The Need of a Reform on Integrity Education – A Study by Artur Victoria

Over the last 25 years a compelling body of evidence has been accumulated concerning the harm and waste caused by corruption and low levels of public integrity. The sums estimated are vast. The impact fails disproportionately on developing countries and on the poor within these countries. Flows of aid and structural lending remains significant to many developing countries are significant in terms of GNP. Aid and the development it is intended to spur are, however, often caught in a negative relationship, in which aid can fuel negative outcomes through its impact on corruption. It is largely against this background that a civil society and donor movement to counter corruption and establish high levels of public integrity has evolved.

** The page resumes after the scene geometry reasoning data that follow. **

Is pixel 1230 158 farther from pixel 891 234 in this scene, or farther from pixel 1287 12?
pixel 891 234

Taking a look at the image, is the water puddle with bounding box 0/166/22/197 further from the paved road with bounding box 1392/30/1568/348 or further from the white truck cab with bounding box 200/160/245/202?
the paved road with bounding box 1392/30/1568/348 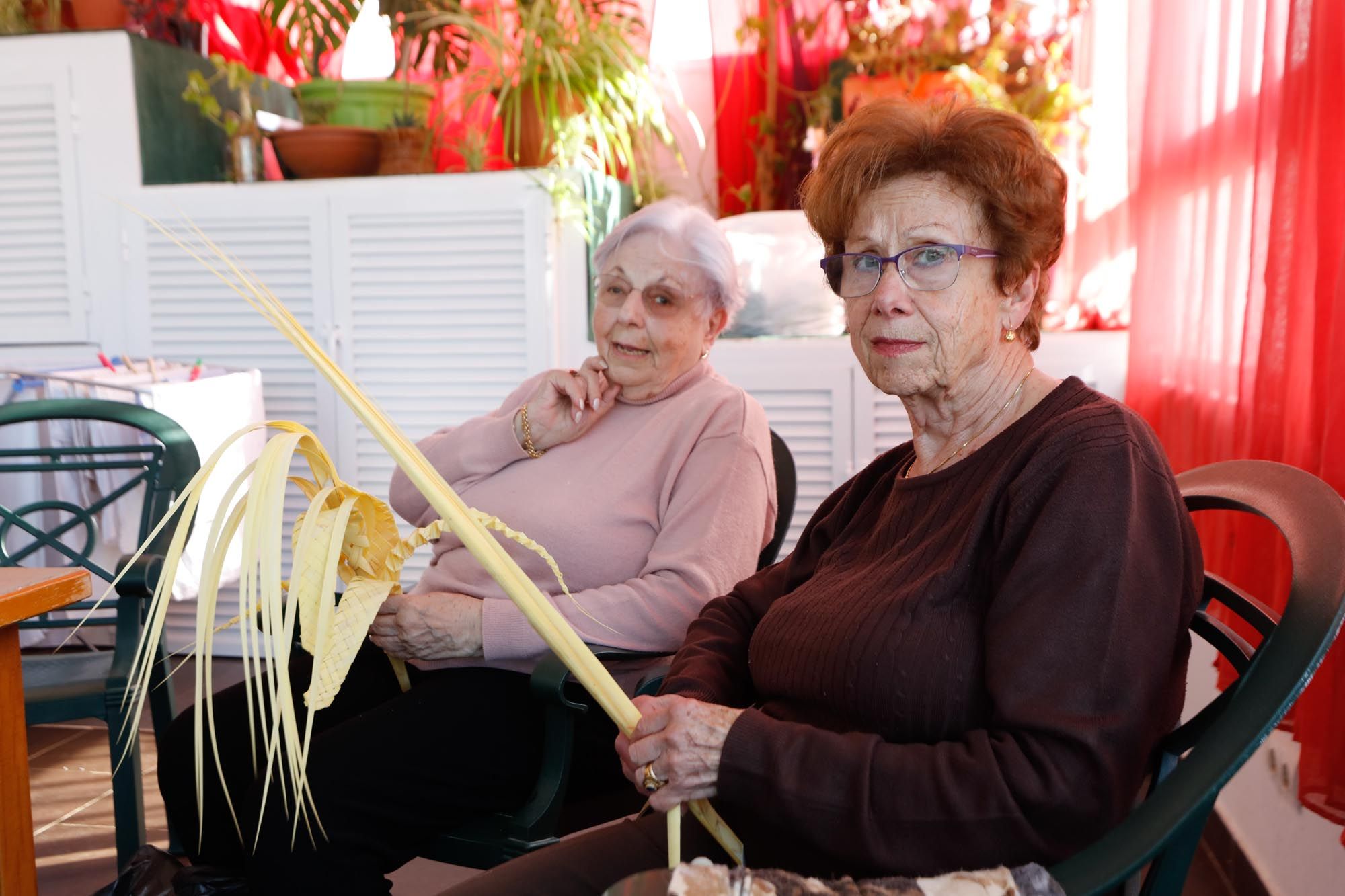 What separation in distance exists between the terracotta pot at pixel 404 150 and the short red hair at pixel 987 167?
2.41 metres

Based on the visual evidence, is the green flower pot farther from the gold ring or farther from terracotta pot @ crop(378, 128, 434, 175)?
the gold ring

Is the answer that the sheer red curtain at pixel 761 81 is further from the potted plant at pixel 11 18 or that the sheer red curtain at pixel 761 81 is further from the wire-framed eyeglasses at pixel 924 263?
the wire-framed eyeglasses at pixel 924 263

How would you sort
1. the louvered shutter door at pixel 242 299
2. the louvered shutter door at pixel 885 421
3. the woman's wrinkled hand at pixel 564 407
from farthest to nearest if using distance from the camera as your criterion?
the louvered shutter door at pixel 242 299
the louvered shutter door at pixel 885 421
the woman's wrinkled hand at pixel 564 407

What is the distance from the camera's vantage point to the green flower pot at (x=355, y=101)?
3.44 metres

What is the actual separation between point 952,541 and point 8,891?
1.17 metres

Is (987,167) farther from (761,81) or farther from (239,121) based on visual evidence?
(239,121)

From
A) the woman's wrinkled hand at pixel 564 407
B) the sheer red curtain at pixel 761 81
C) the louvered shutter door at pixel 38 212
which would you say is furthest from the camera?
the sheer red curtain at pixel 761 81

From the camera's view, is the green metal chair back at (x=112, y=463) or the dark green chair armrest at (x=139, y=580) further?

This pro-integrity reform movement has undergone three major phases in its recent history: the first being awareness raising, the second the creation of conventions and international legislative structures and the third, in which we are now situated where implementation and enforcement are the overriding imperatives.

Despite the diligent efforts of many committed people reform successes remain relatively few and far between, either they are relatively distant historically (the changes in Northern Europe one and two hundred years age) or relatively particular as in the cases of Hong Kong and Singapore.

There is widespread uncertainty about whether the way to achieve improvement in public integrity is currently well understood, even if many of the attributes of high levels of corruption are increasingly clear. The historically favored strategy of implementing international ‘best practice’ has overwhelmingly been a failure.

Implementing public integrity reform is a considerable strategic public management challenge that requires the mobilization of large numbers of skilled people and resources to succeed.

The need for an Education Network is therefore based on these key understandings:

• The benefit of high levels of public integrity has been established though the examination of the consequences of corruption (the failure to maintain high levels of integrity) especially on the most vulnerable countries and populations.

• Currently there is a highly dispersed set of experiences and practices, both in the research and practice domains. A large and relatively unsystematic body of knowledge has been built up. The reliable application of this knowledge in practice remains at an embryonic stage if we are to judge by changes in governance over time.

• Despite the concept of corruption gaining common currency in the popular consciousness of most countries, as never before, it remains striking that within the academic community research and teaching remain dispersed, with very few courses being offered to meet the huge challenge of providing skills to support the pro integrity reform process.

At present much of the knowledge creation and impetus for public sector reform is coming largely from international organizations, be they donors or No Governmental Organizations. These organizations have initiated or provided the knowledge for many of the reforms that have been attempted (World Bank, U4, UN and so forth). This ‘supply’ model has some strength in that it has been able to develop a high quality of material, and a critical set of methodologies.